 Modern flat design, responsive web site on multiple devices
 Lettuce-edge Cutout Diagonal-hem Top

+===+

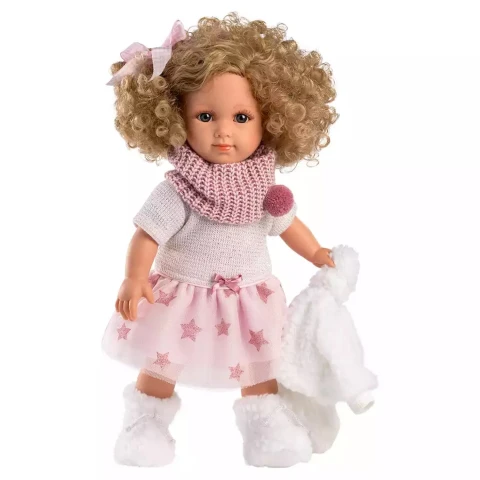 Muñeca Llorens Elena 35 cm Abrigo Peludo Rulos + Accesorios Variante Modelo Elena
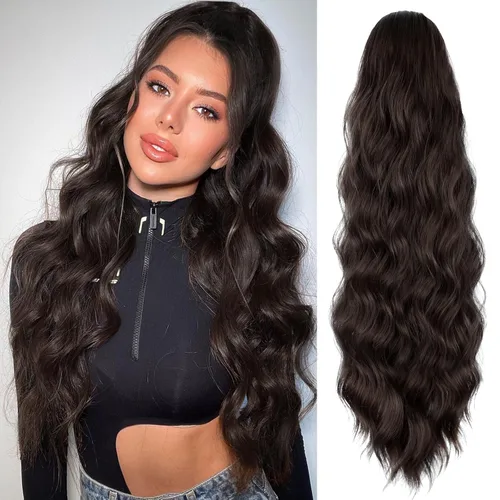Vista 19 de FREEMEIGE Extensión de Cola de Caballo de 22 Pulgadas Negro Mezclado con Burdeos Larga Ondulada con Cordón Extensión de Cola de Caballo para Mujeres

+===+

#### ASSIGNMENT:
Reproducing the whole listing above is not the task. Copy exactly only the lines from the one with "Modern flat design, responsive" to the one with "Lettuce-edge Cutout Diagonal-hem Top", both kept.

#### WRITTEN RESPONSE:
 Modern flat design, responsive web site on multiple devices
 Lettuce-edge Cutout Diagonal-hem Top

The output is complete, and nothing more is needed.